Scam Alerts

Social Security scams prompt warnings

BOISE, Idaho (KIFI/KIDK) - An increase in consumer complaints has prompted Idaho Attorney General Lawrence Wasden to renew warnings about a Social Security imposter scam sweeping the state.

Wasden said overall complaints have increased over the summer, spiking in the past week. As a result, some Idahoans have revealed sensitive information like Social Security numbers and dates of birth. Some have even mailed gift cards after falling victim to the scammers.

According to the Attorney General, it works like this: 

"Once on the phone with a scammer, the recipient of the call is told their Social Security number has been linked to a crime. As a result of this made-up crime, the target is told their Social Security number has been blocked or suspended, but that it can be reinstated for a fee. The recipient of the call is also asked to confirm their Social Security number. Scammers sometimes vary their pitch, but the scam usually follows this general script."

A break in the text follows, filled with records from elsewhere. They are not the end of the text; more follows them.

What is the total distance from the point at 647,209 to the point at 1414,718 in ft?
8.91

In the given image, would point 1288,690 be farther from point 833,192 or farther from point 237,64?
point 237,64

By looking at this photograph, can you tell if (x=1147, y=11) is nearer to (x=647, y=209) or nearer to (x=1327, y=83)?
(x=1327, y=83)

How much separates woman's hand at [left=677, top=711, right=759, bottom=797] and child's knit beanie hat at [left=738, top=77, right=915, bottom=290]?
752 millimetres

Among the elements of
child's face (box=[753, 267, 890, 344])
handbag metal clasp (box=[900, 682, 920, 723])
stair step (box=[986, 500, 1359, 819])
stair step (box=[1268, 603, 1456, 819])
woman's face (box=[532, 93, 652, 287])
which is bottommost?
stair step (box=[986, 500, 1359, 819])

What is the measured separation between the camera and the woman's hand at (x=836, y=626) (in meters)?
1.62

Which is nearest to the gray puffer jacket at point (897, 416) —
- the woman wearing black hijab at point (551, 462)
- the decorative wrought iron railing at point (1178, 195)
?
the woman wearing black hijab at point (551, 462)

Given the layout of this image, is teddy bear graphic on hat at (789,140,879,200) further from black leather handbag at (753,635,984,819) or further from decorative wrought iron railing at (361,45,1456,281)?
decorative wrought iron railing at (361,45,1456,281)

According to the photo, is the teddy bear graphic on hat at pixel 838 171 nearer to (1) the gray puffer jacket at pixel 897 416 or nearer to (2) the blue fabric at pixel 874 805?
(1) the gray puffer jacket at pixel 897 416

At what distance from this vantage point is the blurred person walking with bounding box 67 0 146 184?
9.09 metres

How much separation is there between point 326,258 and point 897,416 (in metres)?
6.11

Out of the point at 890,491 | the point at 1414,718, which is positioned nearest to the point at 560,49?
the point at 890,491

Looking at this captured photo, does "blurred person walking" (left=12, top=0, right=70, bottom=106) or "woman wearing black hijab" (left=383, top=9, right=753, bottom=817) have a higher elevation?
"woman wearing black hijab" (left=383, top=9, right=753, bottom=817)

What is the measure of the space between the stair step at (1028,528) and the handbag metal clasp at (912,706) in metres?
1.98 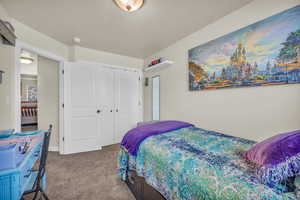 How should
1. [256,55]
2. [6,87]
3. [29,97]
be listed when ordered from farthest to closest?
1. [29,97]
2. [6,87]
3. [256,55]

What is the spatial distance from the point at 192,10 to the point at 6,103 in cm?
292

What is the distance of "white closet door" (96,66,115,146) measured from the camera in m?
3.21

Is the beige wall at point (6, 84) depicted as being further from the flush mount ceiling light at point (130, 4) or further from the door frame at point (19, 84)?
the flush mount ceiling light at point (130, 4)

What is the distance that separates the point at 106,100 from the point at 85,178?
6.01ft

Scammers have also used e-mail to approach victims. In those cases, the e-mails are designed to look as though they come from the Social Security Administration and usually directs people to a phony website where victims are asked to update their personal information.   

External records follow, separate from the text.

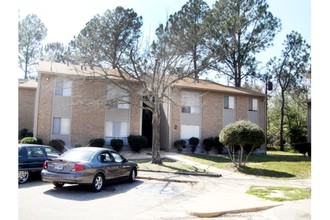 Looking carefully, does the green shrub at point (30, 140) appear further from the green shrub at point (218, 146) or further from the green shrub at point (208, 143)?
the green shrub at point (218, 146)

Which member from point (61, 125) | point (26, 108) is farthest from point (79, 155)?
point (26, 108)

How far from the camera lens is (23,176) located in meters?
8.02

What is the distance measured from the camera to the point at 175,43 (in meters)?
13.5

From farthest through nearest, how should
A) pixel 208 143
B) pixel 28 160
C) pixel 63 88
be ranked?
pixel 208 143 → pixel 63 88 → pixel 28 160

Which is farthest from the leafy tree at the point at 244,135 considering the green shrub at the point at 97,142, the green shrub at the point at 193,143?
the green shrub at the point at 97,142

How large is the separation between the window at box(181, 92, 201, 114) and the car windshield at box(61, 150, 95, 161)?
40.0 ft

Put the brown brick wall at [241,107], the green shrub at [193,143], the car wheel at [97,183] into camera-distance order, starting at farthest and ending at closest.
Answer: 1. the brown brick wall at [241,107]
2. the green shrub at [193,143]
3. the car wheel at [97,183]

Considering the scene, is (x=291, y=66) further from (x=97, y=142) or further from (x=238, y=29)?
(x=97, y=142)

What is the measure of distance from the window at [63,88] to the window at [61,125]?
1.42 meters

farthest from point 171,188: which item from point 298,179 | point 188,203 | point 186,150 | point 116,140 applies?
point 186,150

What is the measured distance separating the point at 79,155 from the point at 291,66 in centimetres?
2066

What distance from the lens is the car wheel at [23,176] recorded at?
796 cm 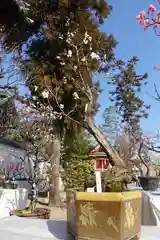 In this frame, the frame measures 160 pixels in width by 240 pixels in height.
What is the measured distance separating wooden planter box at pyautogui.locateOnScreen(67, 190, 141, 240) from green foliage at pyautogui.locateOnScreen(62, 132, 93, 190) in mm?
8283

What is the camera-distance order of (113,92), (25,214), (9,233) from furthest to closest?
(113,92)
(25,214)
(9,233)

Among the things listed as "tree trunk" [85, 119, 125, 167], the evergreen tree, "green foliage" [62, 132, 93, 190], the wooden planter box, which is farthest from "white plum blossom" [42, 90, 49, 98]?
the wooden planter box

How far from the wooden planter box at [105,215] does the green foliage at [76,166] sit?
27.2 ft

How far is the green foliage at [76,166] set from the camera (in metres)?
10.7

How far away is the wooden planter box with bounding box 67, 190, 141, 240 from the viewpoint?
192cm

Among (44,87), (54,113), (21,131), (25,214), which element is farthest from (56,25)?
A: (25,214)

Wasden encouraged everyone to keep their guard up.  "If you find yourself being asked to share personal information with someone who called you, it is very likely a scam. Even if it means being curt, hang up the call as soon as the call feels suspicious. Remember, these are scammers and you owe them no courtesy whatsoever."

He encouraged everyone to remember four main points.

  1. The Social Security Administration will never call and ask for your Social Security number or ask you to pay a fee. It won't call to threaten your benefits, either.
  2. Your caller ID might show the SSA's real phone number (1-800-772-1213) but it's not the real SSA calling. Computers make it easy to show any number on caller ID. Thanks to this phenomenon known as spoofing, caller ID can't always be trusted.
  3.   Never give your Social Security number to anyone who calls you. Do not confirm the last four digits. The same goes for bank account or credit card information. Remember, when you receive a call, you have no way to know for sure who is on the other end of the line.  
  4.   Anyone who tells you to wire money, pay with a gift card, or send cash is a scammer. Any request for this type of payment is a huge red flag.